** Work required **
Could you restate word for word every line from the one containing "BAC A BATTERIE" to the end of the data below, pictures excluded?

** Supplied material **

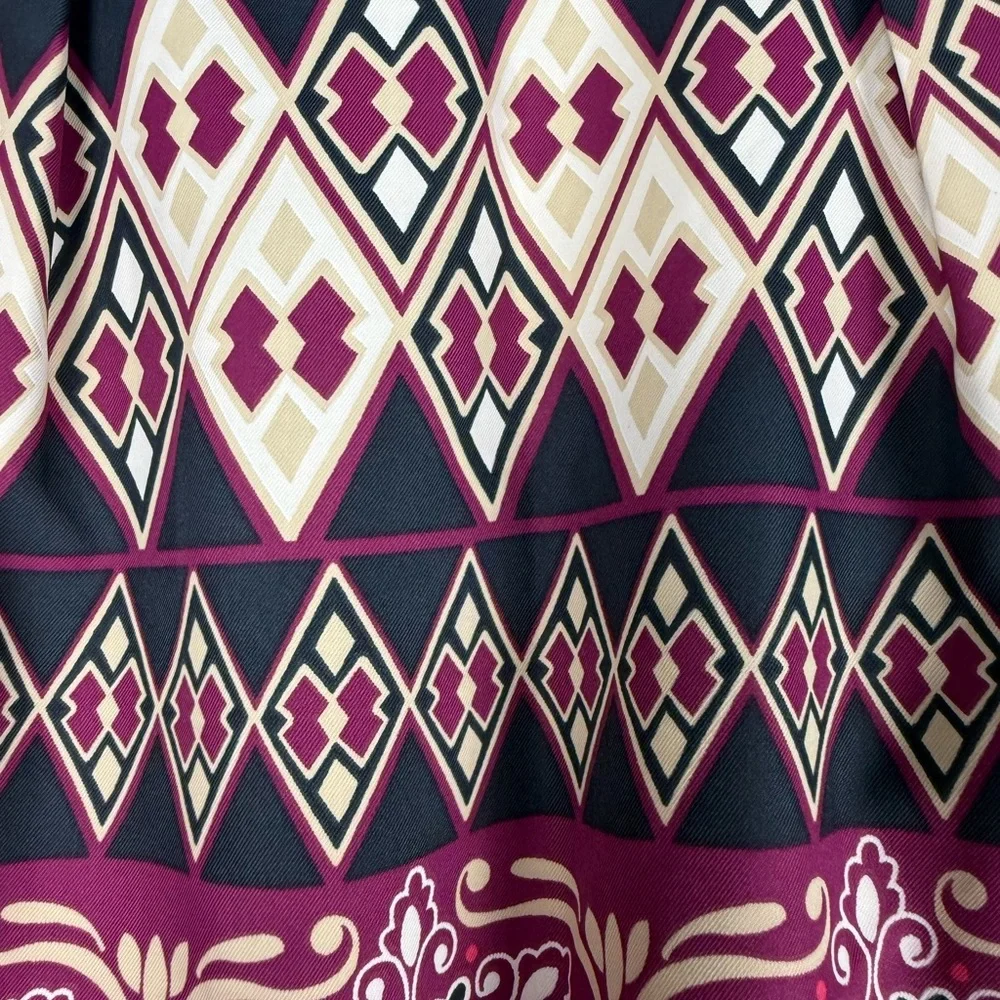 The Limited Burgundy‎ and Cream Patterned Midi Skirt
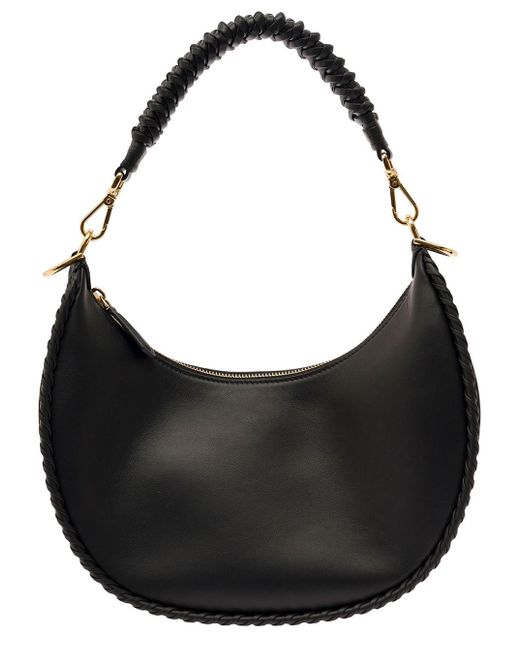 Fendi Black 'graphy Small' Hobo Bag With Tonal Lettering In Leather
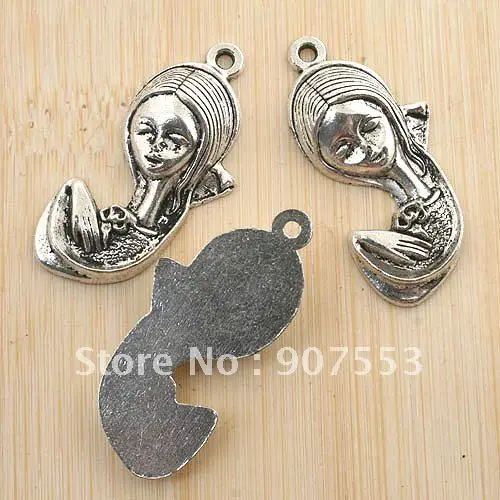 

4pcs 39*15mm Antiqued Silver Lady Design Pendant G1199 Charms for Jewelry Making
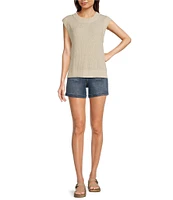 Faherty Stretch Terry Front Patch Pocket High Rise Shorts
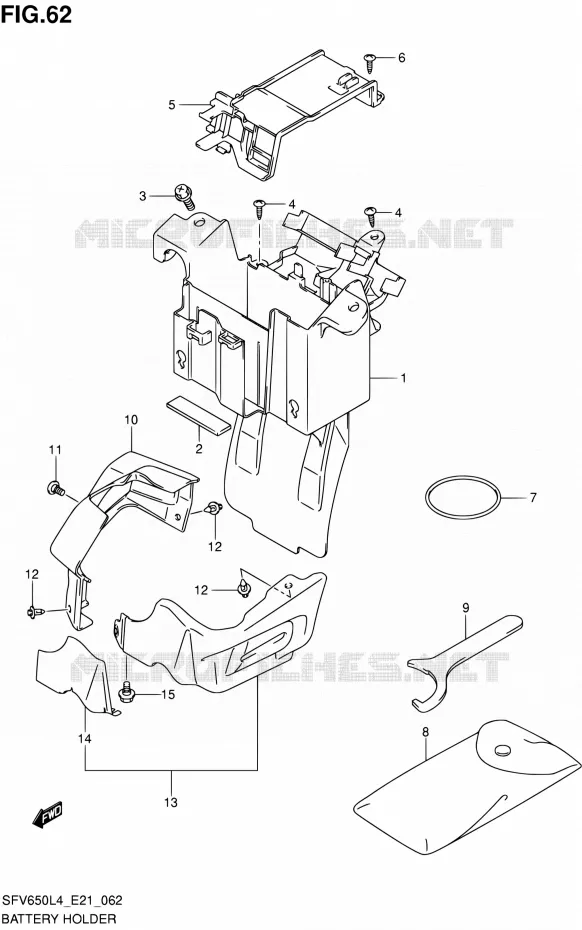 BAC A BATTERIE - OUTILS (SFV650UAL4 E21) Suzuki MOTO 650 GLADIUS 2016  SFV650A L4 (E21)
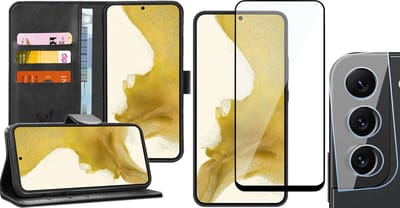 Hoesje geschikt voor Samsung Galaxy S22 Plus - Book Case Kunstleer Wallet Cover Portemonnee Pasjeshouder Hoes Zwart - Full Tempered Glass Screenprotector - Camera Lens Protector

** Task result **
 BAC A BATTERIE - OUTILS (SFV650UAL4 E21) Suzuki MOTO 650 GLADIUS 2016  SFV650A L4 (E21)
 Hoesje geschikt voor Samsung Galaxy S22 Plus - Book Case Kunstleer Wallet Cover Portemonnee Pasjeshouder Hoes Zwart - Full Tempered Glass Screenprotector - Camera Lens Protector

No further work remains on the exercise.